Writer/Director Noah Baumbach’s track record speaks for itself. From his collaborations with Wes Anderson through to the wonderful Squid and the Whale, and engaging indie dramas like Frances Ha and Mistress America, he set his stall out as an interesting and highly watchable filmmaker, with a focus on character, rather than plot-driven stories. So the prospect of a Baumbach movie with a quality cast and Netflix‘s distribution behind it ought to be a shoe-in shouldn’t it? Well, it ought to be, but sadly The Meyerowitz Stories (New and Selected) misses its mark quite badly. It represents an excruciating low point for the usually excellent Baumbach.

Plot wise, we are in similar territory to both Wes Anderson’s The Royal Tenenbaums and Baumbach’s own The Squid and the Whale, with dysfunctional family patriarch Harold (Dustin Hoffman) gathering his kids around him in a series of events and interactions. The siblings, Danny (Adam Sandler), Matthew (Ben Stiller) and Jean (Elizabeth Marvel) each have their own baggage and issues with Harold, who is a creative, yet bloody minded force within the family.

Unfortunately the similarities end there. Without the hyper stylization or peculiar warmth of an Anderson/Baumbach picture, we’re left with a bunch of abrasive, grating characters.
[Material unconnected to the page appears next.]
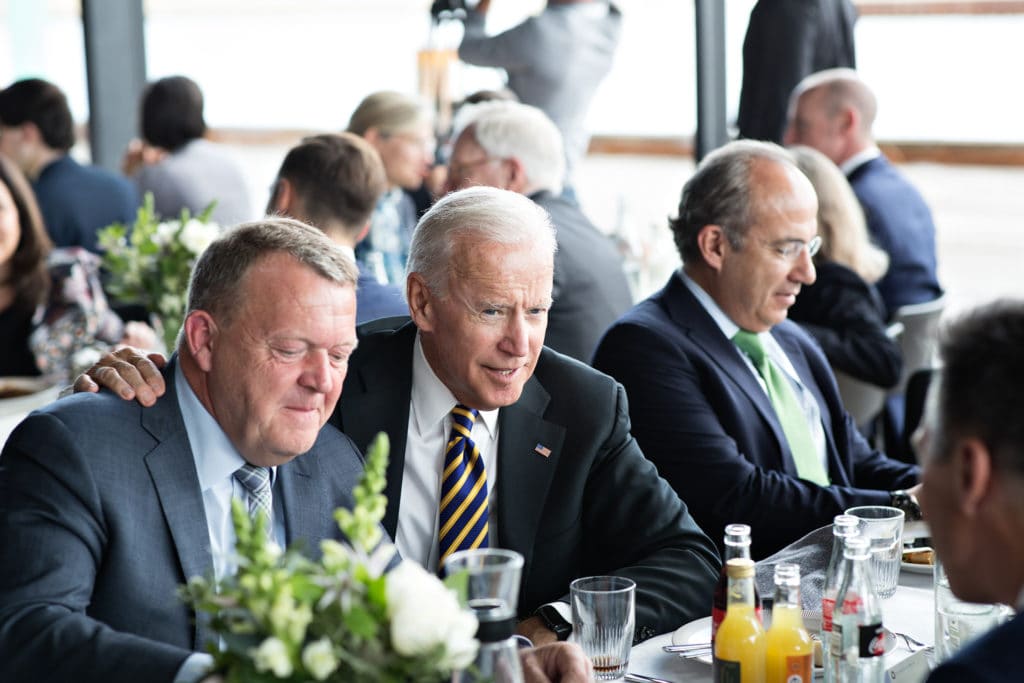 Left to right - Danish Prime Ministed Lars Lokke Rasmussen, former US VP Joe Biden, former President of Mexico Felipe Calderon
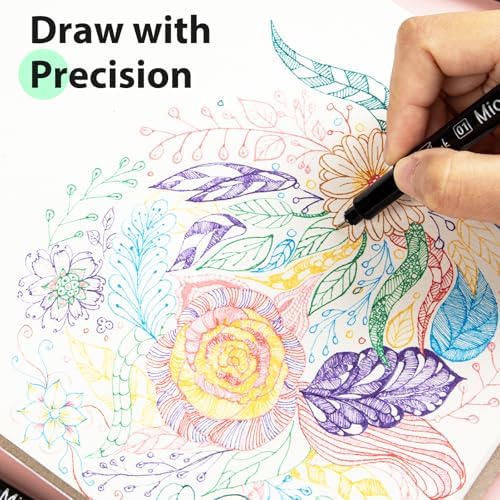 KERIFI 12 Colors Fineliner Pens, 0.25mm Extra Fine Point Micro Pens 01, Waterproof Archival Ink, No Bleed-Through for Bible Journaling, Planner, Sketching, Technical Drawing, Zentangle, Notes Taking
Harold could be the twin of Jeff Daniels’ Bernard in The Squid and the Whale, embittered by a career that didn’t reach its expected heights, and letting spite and jealousy turn him into a borderline fantasist. Danny and Matthew feel obliged to connect with Harold, while Jean and stepmother Maureen (Emma Thompson) lurk on the periphery.
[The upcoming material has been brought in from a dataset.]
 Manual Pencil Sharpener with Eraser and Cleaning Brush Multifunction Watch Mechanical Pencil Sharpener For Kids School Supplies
Image credit: Atsushi Nishijima / Netflix

But there’s something amiss. The family unit doesn’t feel natural. There’s neither enough conflict nor competitiveness, nor love amongst the siblings for us to buy it. It’s too bland, too beige, too nothing. Hoffman’s distant father sort of works, but he’s such a cantankerous presence it’s hard to see why the kids bother. There is no softness in this movie to pumice its hard edges. No contrast to show us any deep feeling they might have for each other (one car vandalism sequence aside). So, it’s hard to gauge each character’s motivation, outside of misplaced familial duty.

To single out any particular cast member would be to acknowledge investment in a film that forces you to lose interest long before the credits roll. But incredulously, Adam Sandler is pretty decent. Stiller is also fine, and Hoffman is okay, but all are hampered by deeply unsympathetic roles. Leaving Elizabeth Marvel with very little to do as third wheel/sibling, Jean.

Even the dialogue feels stilted for a Baumbach movie. There are times, particularly when Matthew is introduced, that it feels more like a narrator’s exposition than anything a person would say naturally.

Image credit: Atsushi Nishijima / Netflix

With successful character based movies, like Richard Linklater’s output for example, the characters might not always be likeable, but they are at least human enough to possess some good qualities, thus making it easy for the audience to stick around. All the characters in The Meyerowitz Stories are dicks. Fuelled by petty jealousies and hung up on the past, they constantly bicker and talk all over each other. It’s like watching a flock of angry geese– for two hours.

Presented as several chapters in the life of the family, the movie is edited in this same abrupt manner, leaping ahead without notice and intentionally cutting off characters mid-sentence. What was clearly intended as either commentary on their behaviour toward one another, or as an offbeat stylistic choice, succeeds only in being obnoxious.

For such a bitty and disjointed narrative, The Meyerowitz Stories still manages to hit nearly two hours of run time, and that obnoxiousness is a theme that runs all the way through it. We are given absolutely no reason why we should spend time with these ugly characters, and so ultimately it’s probably better that you don’t. With such contrast to Baumbach’s wonderful earlier output, The Meyerowitz Stories is perhaps 2017’s cruellest disappointment.